Despite what Robert Frost may have thought, a lot of SFF writers really do love a wall. Walled and isolated cities, redoubts, or keeps (to use the term favored by The Science Fiction Encyclopedia) have proved useful to SFF for exploring everything from overpopulation to alien invasions to environmental catastrophe to those pesky tech overlords, and they seem to be having something of a resurgence lately; recent examples include Samantha Mills’s The Wings Upon Her Back, Tobias Buckell’s A Stranger in the Citadel, and, perhaps most ambitiously, Gautam Bhatia’s duology The Wall and The Horizon. As if in recognition of the bunker mentality of this tradition, Erika Swyler, in We Lived on the Horizon, names her city Bulwark – ‘‘a walled city built to protect and preserve the people who managed to survive a series of great cataclysms.’’ I have to confess that Swyler is not an author I was familiar with, despite speculative elements in her earlier novels The Book of Speculation (2015) and Light from Other Stars (2019), and despite her mention of Ursula K. Le Guin, Octavia Butler, and Margaret Atwood in the acknowledgments of the new novel. She seems to belong to that loosely defined group of SF-adjacent literary writers who are seldom marketed as SF and seldom show up on awards ballots (though Emily St. John Mandel did win a Clarke for Station Eleven), but who are nevertheless in dialogue with familiar SF traditions. (Her acknowledgments also mention Sequoia Nagamatsu, Matt Bell, and Brenda Peynado, who ‘‘helped me feel like this is a space where I belong.’’)
This may be one reason that Swyler is less interested in the mysteries of the world outside the city, or exactly what those ‘‘great cataclysms’’ were, than on the nature of the society that has evolved within Bulwark.

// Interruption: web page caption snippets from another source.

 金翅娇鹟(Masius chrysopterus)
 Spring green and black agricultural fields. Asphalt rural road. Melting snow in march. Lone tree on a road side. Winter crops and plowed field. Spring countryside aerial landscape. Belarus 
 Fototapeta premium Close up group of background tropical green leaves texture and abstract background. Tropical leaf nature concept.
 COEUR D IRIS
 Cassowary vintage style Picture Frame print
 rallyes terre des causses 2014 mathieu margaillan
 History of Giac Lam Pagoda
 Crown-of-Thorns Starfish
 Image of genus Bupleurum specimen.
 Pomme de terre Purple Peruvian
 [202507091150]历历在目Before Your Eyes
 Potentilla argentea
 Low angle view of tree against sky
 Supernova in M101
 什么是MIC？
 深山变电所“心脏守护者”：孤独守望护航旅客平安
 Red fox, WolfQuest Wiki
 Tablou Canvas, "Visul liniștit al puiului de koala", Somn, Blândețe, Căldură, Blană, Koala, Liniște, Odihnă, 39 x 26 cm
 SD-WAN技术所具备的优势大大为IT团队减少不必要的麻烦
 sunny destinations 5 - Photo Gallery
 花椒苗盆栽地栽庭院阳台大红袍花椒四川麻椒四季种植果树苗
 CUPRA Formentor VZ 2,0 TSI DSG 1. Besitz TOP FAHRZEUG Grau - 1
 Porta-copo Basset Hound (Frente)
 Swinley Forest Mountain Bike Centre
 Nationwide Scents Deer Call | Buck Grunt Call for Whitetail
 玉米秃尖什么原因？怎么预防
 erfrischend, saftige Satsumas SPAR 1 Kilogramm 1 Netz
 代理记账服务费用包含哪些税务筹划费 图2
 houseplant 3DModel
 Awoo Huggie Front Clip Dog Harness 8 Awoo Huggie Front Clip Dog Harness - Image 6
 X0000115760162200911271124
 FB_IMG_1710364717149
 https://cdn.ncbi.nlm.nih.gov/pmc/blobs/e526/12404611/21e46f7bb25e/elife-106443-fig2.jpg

The descendants of the founders of the city have created an elite, privileged class called ‘‘Saints,’’ who enjoy almost limitless credits in an economy that depends on ‘‘societal debt’’ as determined at birth by a bureaucratic class of Assessors. Those who are not Saints may spend their entire lives trying to earn back their life debt through acts of altruism or public service. Still, Bulwark is hardly an off-the-shelf dystopia; rates of infant mortality, starvation, stress-related illness, environmental hazards, and various other measures suggest a stable and largely peaceful society. But fairly early on, we begin to see cracks in the system: One of the Saints is violently murdered in his home, and the citywide AI, named Parallax – essentially a city manager, in contact with all the various house AIs in the city – begins to exhibit mysterious dropouts, effectively blocking efforts to find out what’s really going on.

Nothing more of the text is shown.